Much to Alex's displeasure, Christine invites Gabriel to live in their home and agrees to be his mentor. Through conversations with Gabriel as well as with Michael (David Farrington,) a free-lance Catholic activist/social worker formerly employed by Catholic Charities, Christine becomes aware of the plight of the "Lost Boys. " During the course of the play that has been ably directed by John Pietrowski, we begin to understand the extent of the tragedy that befell approximately 17,000 boys. It was during Sudan's second Civil War in the early 1980s that they fled Southern Sudan when their homes and their villages were destroyed and the women and girls were either raped or killed, or sold into slavery. The play is set in 2003.
Why are we not surprised by the sudden adjustment made by Christine and Alex or by Alex's change of attitude when she begins to tutor the grateful Gabriel in his English studies while he attends evening classes at the local community college? Surprises, a necessary part of almost any play, are in short supply. He, in turn, helps Christine, who attends a Catholic school for girls, with her math. Gabriel is not only determined to be a success, "I want to be the black Donald Trump, " but also hopeful that he will someday be reunited with his mother who may be living in the Kakuma Refugee Camp in Kenya.
Their friendship does not include Gabriel's best friend and another "lost boy" (a name that they don't like to be called), the considerably older, fierce-looking and more rebellious Panther (Jamil Mangan,) whose wife and child may also be among the refugees. Christine's attempt to do something worthwhile brings her into contact with Somali-born Segel Mohammed (Trish McCall,) the director and founder of the Pittsburgh Center for Refugee Relief. Segel, a pragmatic activist, wants an equal amount of activism from Christine in return for helping to find Gabriel's mother.

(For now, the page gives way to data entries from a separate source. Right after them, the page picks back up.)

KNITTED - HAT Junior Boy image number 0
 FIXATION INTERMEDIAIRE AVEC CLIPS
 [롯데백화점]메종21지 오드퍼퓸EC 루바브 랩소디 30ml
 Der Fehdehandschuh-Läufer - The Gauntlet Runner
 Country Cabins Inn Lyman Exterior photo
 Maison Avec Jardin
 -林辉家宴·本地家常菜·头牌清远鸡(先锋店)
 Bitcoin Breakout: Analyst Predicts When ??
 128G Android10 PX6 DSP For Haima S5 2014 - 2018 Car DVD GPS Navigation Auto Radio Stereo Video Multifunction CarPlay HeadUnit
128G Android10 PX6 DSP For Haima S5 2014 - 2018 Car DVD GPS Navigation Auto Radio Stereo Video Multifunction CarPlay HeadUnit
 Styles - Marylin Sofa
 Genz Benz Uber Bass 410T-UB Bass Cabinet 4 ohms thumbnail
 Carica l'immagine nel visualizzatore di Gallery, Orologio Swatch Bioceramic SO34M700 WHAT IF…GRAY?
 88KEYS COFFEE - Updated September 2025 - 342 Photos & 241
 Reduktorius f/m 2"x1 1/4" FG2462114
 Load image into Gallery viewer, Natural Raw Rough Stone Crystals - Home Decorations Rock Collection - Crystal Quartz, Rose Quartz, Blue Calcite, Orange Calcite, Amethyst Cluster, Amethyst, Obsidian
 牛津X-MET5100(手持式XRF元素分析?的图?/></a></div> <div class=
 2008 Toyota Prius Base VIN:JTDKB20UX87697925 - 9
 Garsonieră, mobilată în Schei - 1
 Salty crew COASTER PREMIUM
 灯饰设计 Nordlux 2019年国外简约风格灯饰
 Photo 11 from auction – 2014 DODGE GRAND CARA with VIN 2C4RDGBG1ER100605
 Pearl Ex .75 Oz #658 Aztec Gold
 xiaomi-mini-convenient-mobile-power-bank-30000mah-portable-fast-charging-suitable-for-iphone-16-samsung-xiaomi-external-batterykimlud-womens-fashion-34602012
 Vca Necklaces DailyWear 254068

The play relies heavily on the unbreakable bond between Gabriel and the otherwise distrustful and unsettled Panther, who works at odd jobs, borrows and spends lots of money and also gets a lot of phone calls. The play's major conflict, however, seems to be how far is Christine willing to go beyond being a mere "do-gooder." One wishes that there were more dramatically contentious scenes like the one in which Panther pulls out a gun in front of Gabriel and Alex and goes into a menacing rant. If the play's resolution is tied to a melodramatic twist, the main portion is either sluggish with exposition or padded with noble sentiments expressed by characters who are, as likely as they are not, able to effect any change in the world.
Miller is charismatic and splendid as the admirably motivated Gabriel. Mangan holds on to the dynamic tension that makes Panther the play's most interesting character. McCall gives a flinty no-nonsense performance as the activist Segel. Zimmer, who is probably best know for her years as Reva Sayne on TV's Guiding Light, is convincing as the purposeful Christine. Rivera, who, although looking a bit uncomfortable and silly in costume designer Sarah Cubbage's idea of a Catholic High School uniform does what she can to be convincing in the thankless role of the daughter. Farrington is personable and effective as the accommodating social worker.
Except for a lovely fadeout (courtesy of lighting designer Nadine Charlesen), the functional and simple set design by Joseph Gorley serves the play well enough. More impressive is the background sound design by Jeff Knapp that includes African songs, drumming and rain. But perhaps what we needed in this play was less sound and more fury.